Sun, 19 Oct 2014
Constable at the V & A, 2014

The Constable exhibition at the V&A is titled The Making of a Master and shows Constable's growth as an artist and many of his influences down the years.

A lot to see in the show, each room has a theme (common practice now) and some rooms devoted to prints he might have owned, or borrowed to copy. Many prints are "after so-and-so" (e.g. After Rubens). In those days, collecting or looking at prints was the only way one could see a lot of art, second hand. No wonder some (well off) people built special cases for a painting so they could carry it around with them wherever they went.
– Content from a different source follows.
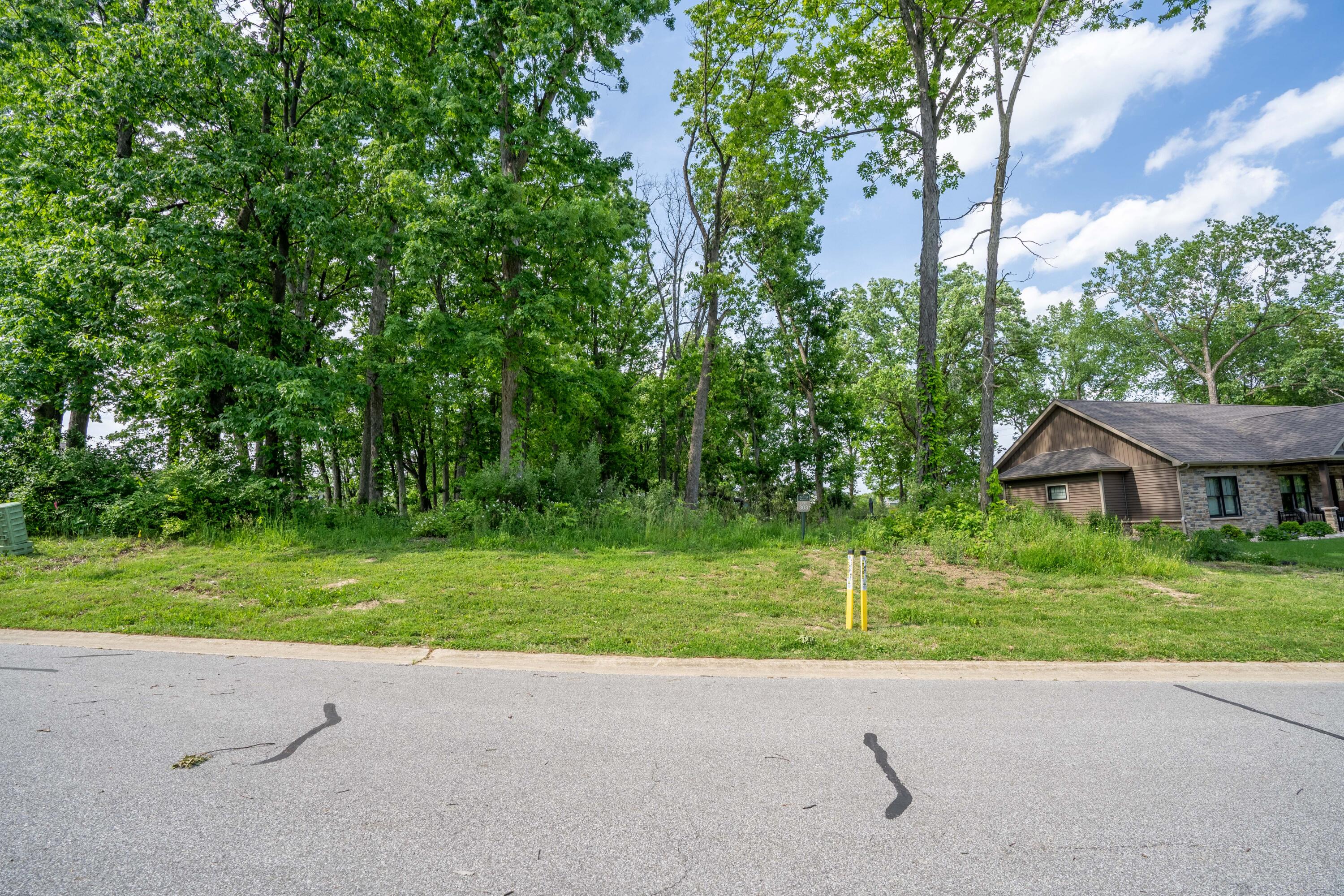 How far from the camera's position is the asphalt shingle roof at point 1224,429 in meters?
22.6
I've grown to really appreciate the 17th Century Dutch school of landscape painters, artists like Van Ruisdael : Constable learned a lot from them.

Right : A Landscape with a Ruined Castle and a Church, about 1665-70, Jacob van Ruisdael

However, he holds his own (and then some) in such august company. One of the best aspects of the exhibition is being able to stand in front of both the study and the final work. For some of his paintings, the study is large: as large as the final work. Big, momentous oil paintings, as big as Turner's, but otherwise very different.
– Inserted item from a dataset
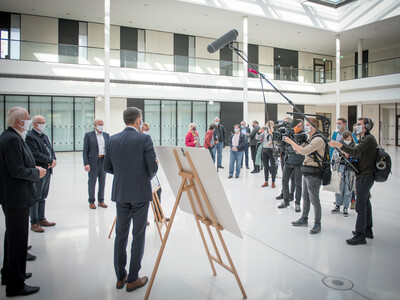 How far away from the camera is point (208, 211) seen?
245 centimetres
Constable's The Leaping Horse is over 6 feet long and has an equally large oil "sketch" hanging beside it.

Below : The Leaping Horse 1825
Oil on canvas

And his oil sketches stand out, one of the first artists to try and complete more of the painting out of doors, in front of the subject. As you'd expect, the weather often caused him problems, rain-drops running into the paint in some places.

Below : Willy Lott’s House 1816
Oil on paper laid on on canvas

The Victoria and Albert's a good museum that I don't visit often enough. I couldn't resist some lunch in the very ornate café either!
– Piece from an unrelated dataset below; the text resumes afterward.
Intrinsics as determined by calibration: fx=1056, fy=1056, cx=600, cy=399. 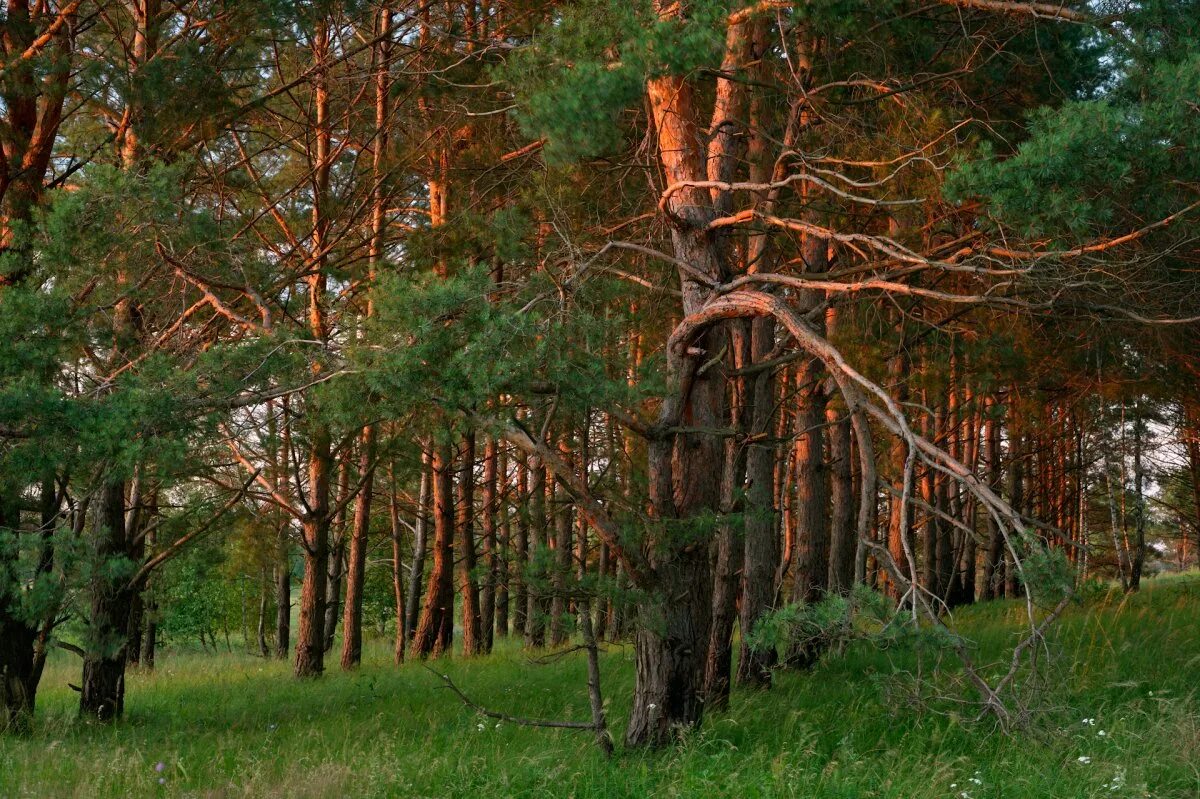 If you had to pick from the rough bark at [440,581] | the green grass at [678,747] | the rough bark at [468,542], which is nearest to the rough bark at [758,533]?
the green grass at [678,747]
I bought the Turner exhibition catalogue, a lovely large glossy book showing off some his great late paintings. I spent some time looking at the Constable catalogue book as well but couldn't bring myself to buy it in the end. I think that Constable's paintings, as much as I like them, just seem too dark printed here. I assume the printing was "correct", but it's hard to colour balance art in books versus life. It just didn't seem to do the work so much justice. It was a tough call though.